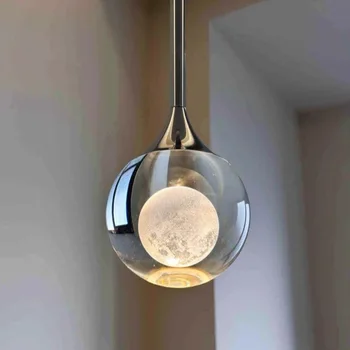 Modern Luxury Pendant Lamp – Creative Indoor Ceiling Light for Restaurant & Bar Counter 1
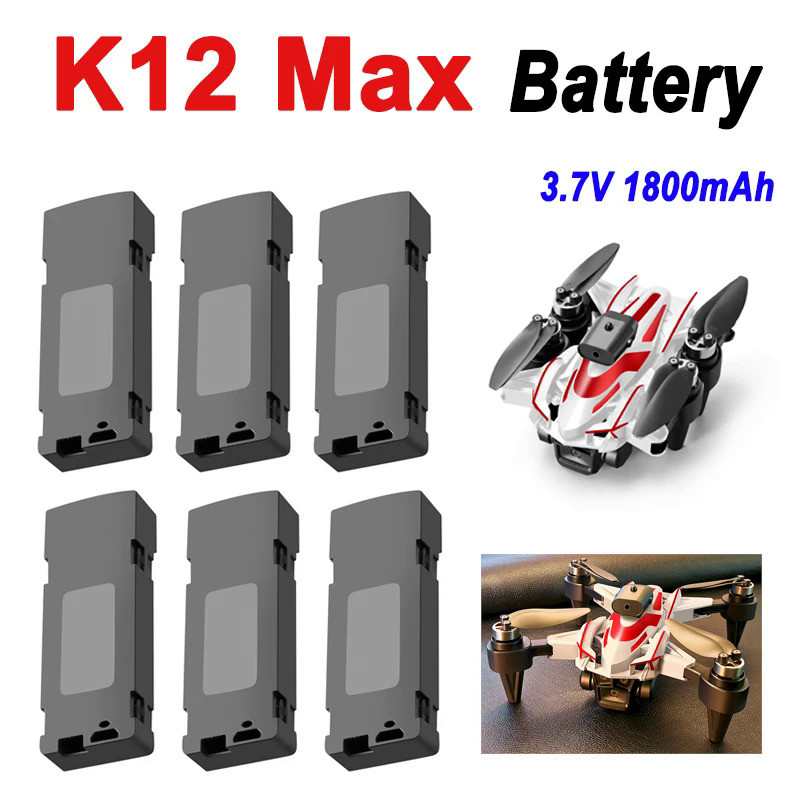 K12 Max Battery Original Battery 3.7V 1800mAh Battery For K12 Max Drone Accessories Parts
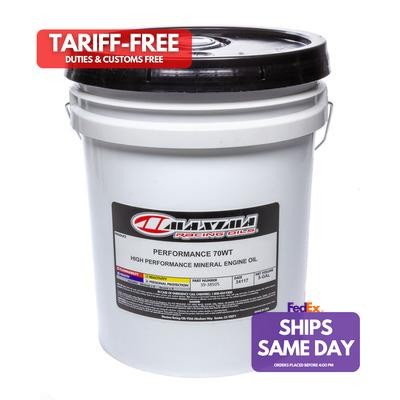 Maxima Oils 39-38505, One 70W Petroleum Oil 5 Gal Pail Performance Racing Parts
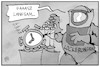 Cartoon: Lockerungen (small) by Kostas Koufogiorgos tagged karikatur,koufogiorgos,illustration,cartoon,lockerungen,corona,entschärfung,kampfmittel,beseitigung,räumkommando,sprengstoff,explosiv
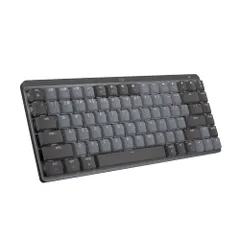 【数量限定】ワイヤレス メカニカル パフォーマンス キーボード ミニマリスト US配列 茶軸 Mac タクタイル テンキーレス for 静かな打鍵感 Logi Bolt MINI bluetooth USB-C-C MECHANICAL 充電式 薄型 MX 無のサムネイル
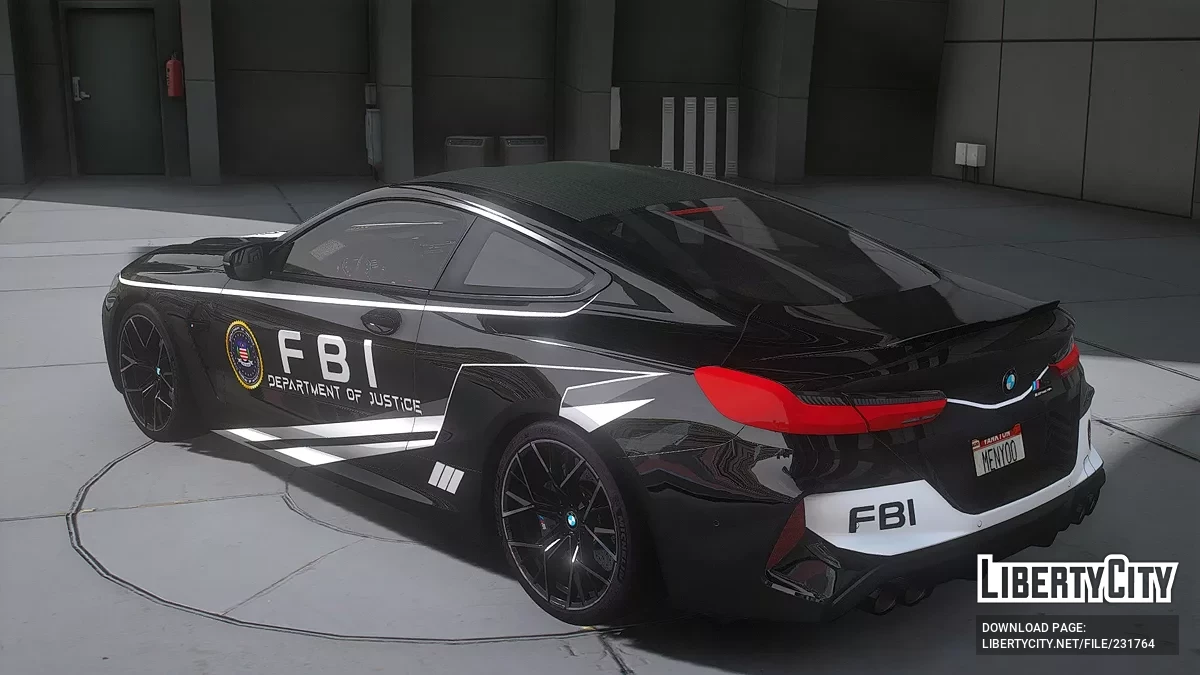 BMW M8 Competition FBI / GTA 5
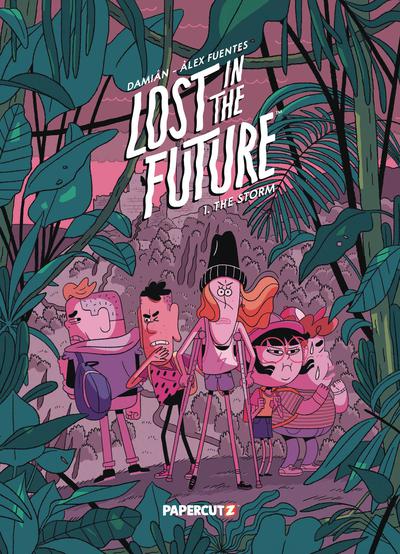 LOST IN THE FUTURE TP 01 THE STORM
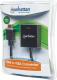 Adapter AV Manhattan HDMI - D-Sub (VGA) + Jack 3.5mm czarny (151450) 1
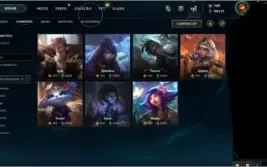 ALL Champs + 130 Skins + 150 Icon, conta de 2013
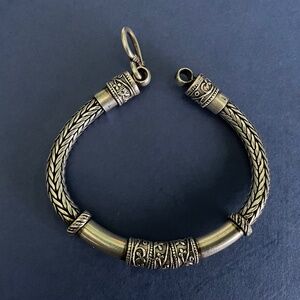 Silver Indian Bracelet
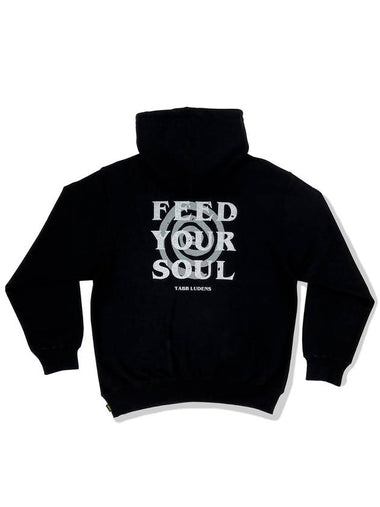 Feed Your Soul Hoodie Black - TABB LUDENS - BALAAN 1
• • • •
Brief:
What you return should be the full listing, unchanged, minus the pictures.

Result of this exercise:
 Modern Luxury Pendant Lamp – Creative Indoor Ceiling Light for Restaurant & Bar Counter 1
 K12 Max Battery Original Battery 3.7V 1800mAh Battery For K12 Max Drone Accessories Parts
 Maxima Oils 39-38505, One 70W Petroleum Oil 5 Gal Pail Performance Racing Parts
 Cartoon: Lockerungen (small) by Kostas Koufogiorgos tagged karikatur,koufogiorgos,illustration,cartoon,lockerungen,corona,entschärfung,kampfmittel,beseitigung,räumkommando,sprengstoff,explosiv
 【数量限定】ワイヤレス メカニカル パフォーマンス キーボード ミニマリスト US配列 茶軸 Mac タクタイル テンキーレス for 静かな打鍵感 Logi Bolt MINI bluetooth USB-C-C MECHANICAL 充電式 薄型 MX 無のサムネイル
 BMW M8 Competition FBI / GTA 5
 LOST IN THE FUTURE TP 01 THE STORM
 Adapter AV Manhattan HDMI - D-Sub (VGA) + Jack 3.5mm czarny (151450) 1
 ALL Champs + 130 Skins + 150 Icon, conta de 2013
 Silver Indian Bracelet
 Feed Your Soul Hoodie Black - TABB LUDENS - BALAAN 1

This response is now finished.